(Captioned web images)
────────────────

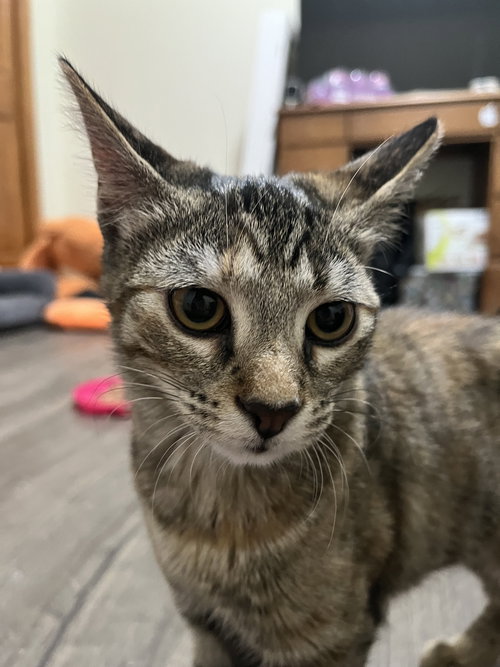 MAMA - Domestic Short Hair available for adoption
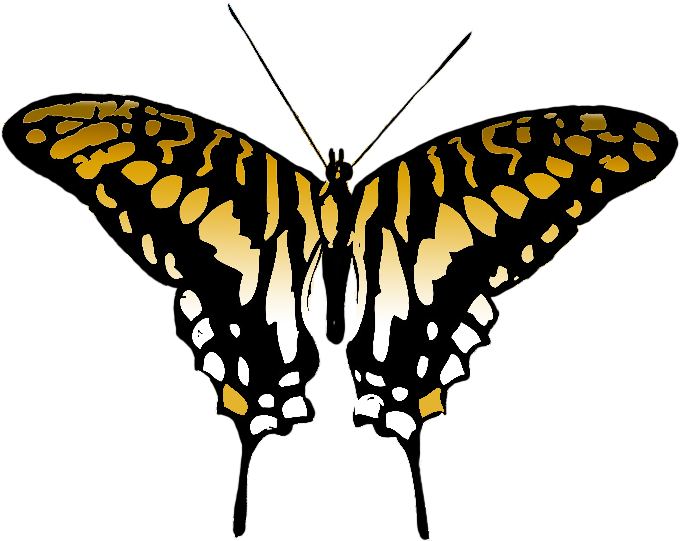 Butterfly Clipart - - Supplier Generic Exotic Butterflies 1866 Ucalegon Et - Png Download (709x566), Png Download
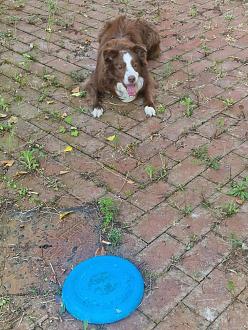 Clicca sull'immagine per ingrandirla. 

Nome:   20250501_175009.jpg 
Visite: 209 
Dimensione: 192.1 KB 
ID: 2445542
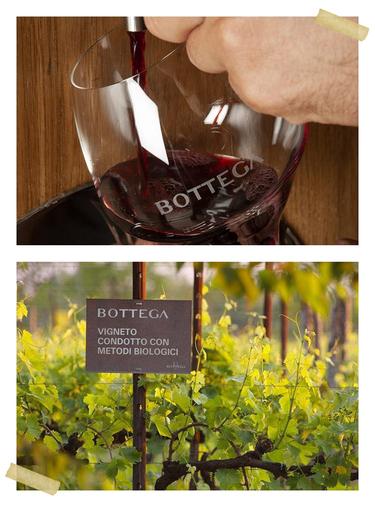 Bottega wineray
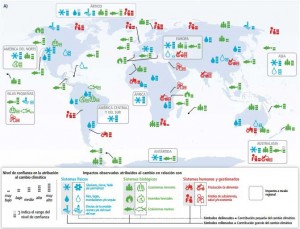 Impacto cambio climático en los ecosistemas impacto-en-ecosistemas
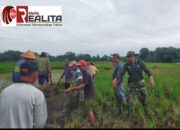 Babinsa Koramil 14/Karanganom Basmi Tikus Di Lahan Pertanian Desa Jambean Klaten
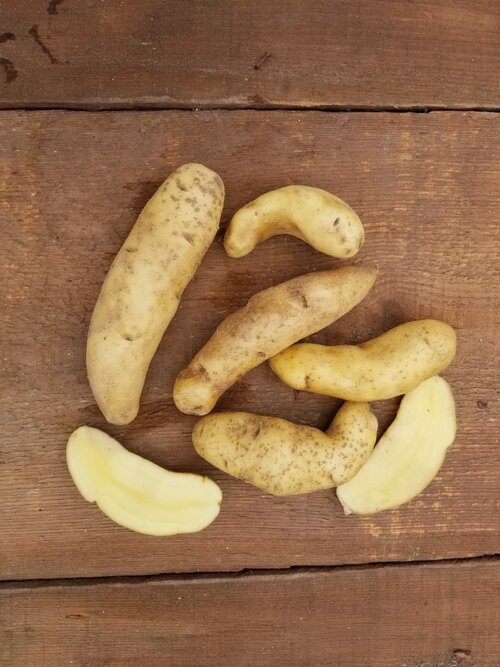 Seed Potato - 'Austrian Crescent' (by the pound)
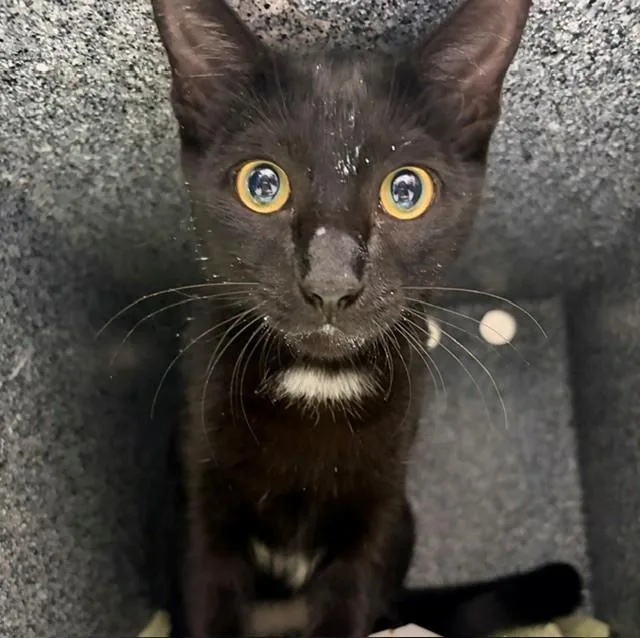 A baby small-sized female Domestic Short Hair cat named Simba for adoption in Naples, FL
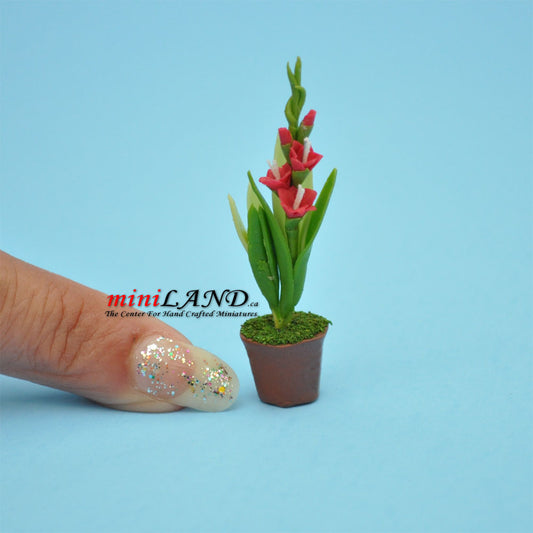Handmade white iris plant in Terracotta Pot Dollhouse Miniatures FL041 1:12 scale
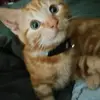 Dianne Flaherty - @dianne.flaherty - TikTok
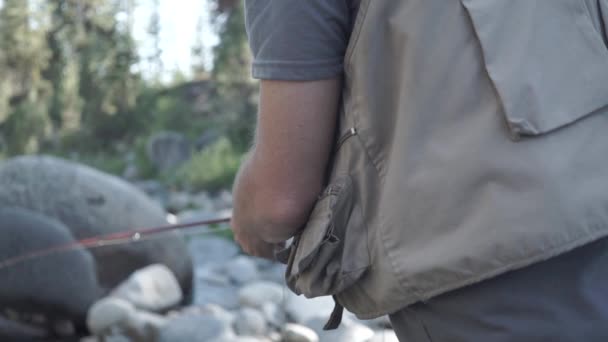 Bakifrån Medelålders Flugfiske Dinkey Creek Kalifornien Sierra Nevada Bergen — Stockvideo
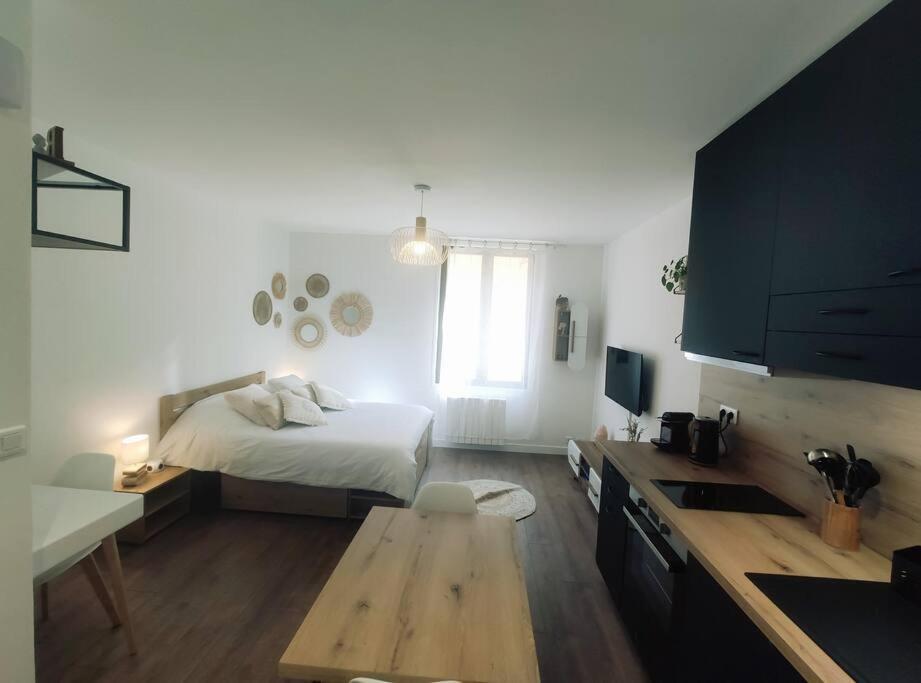Annecy Vieille Ville, Superbe Appartement Au Calme エクステリア 写真
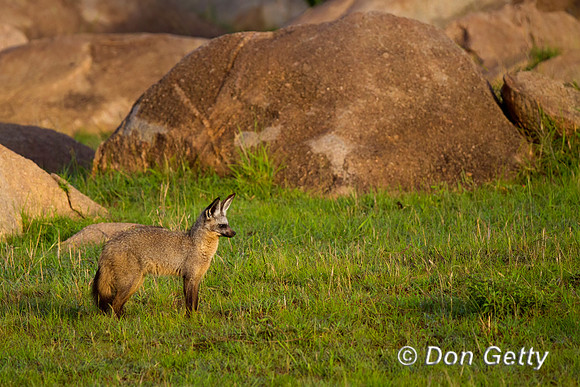 Bat-eared Fox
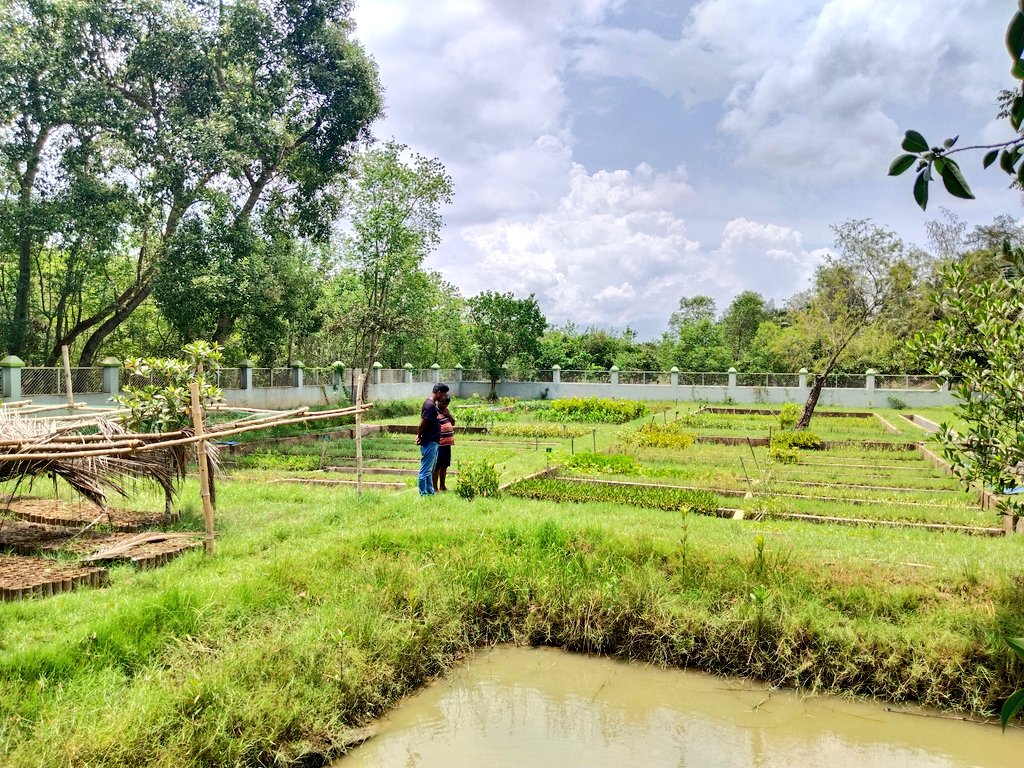 Visited the #MangroveMetaNursery in #Bhitarakanika, India's 2nd-largest mangrove forest. It's a testament to the remarkable partnership between @UNDP, @moefcc, @theGCF, and @ForestDeptt, resulting in an exceptional model nursery holding all 32 species and 64 sub-species.(1/2) @UN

────────────────

• Problem statement: Repeat the records above verbatim. Include none of the pictures.

• Response:
 MAMA - Domestic Short Hair available for adoption
 Butterfly Clipart - - Supplier Generic Exotic Butterflies 1866 Ucalegon Et - Png Download (709x566), Png Download
 Clicca sull'immagine per ingrandirla. 

Nome:   20250501_175009.jpg 
Visite: 209 
Dimensione: 192.1 KB 
ID: 2445542
 Bottega wineray
 Impacto cambio climático en los ecosistemas impacto-en-ecosistemas
 Babinsa Koramil 14/Karanganom Basmi Tikus Di Lahan Pertanian Desa Jambean Klaten
 Seed Potato - 'Austrian Crescent' (by the pound)
 A baby small-sized female Domestic Short Hair cat named Simba for adoption in Naples, FL
Handmade white iris plant in Terracotta Pot Dollhouse Miniatures FL041 1:12 scale
 Dianne Flaherty - @dianne.flaherty - TikTok
 Bakifrån Medelålders Flugfiske Dinkey Creek Kalifornien Sierra Nevada Bergen — Stockvideo
Annecy Vieille Ville, Superbe Appartement Au Calme エクステリア 写真
 Bat-eared Fox
 Visited the #MangroveMetaNursery in #Bhitarakanika, India's 2nd-largest mangrove forest. It's a testament to the remarkable partnership between @UNDP, @moefcc, @theGCF, and @ForestDeptt, resulting in an exceptional model nursery holding all 32 species and 64 sub-species.(1/2) @UN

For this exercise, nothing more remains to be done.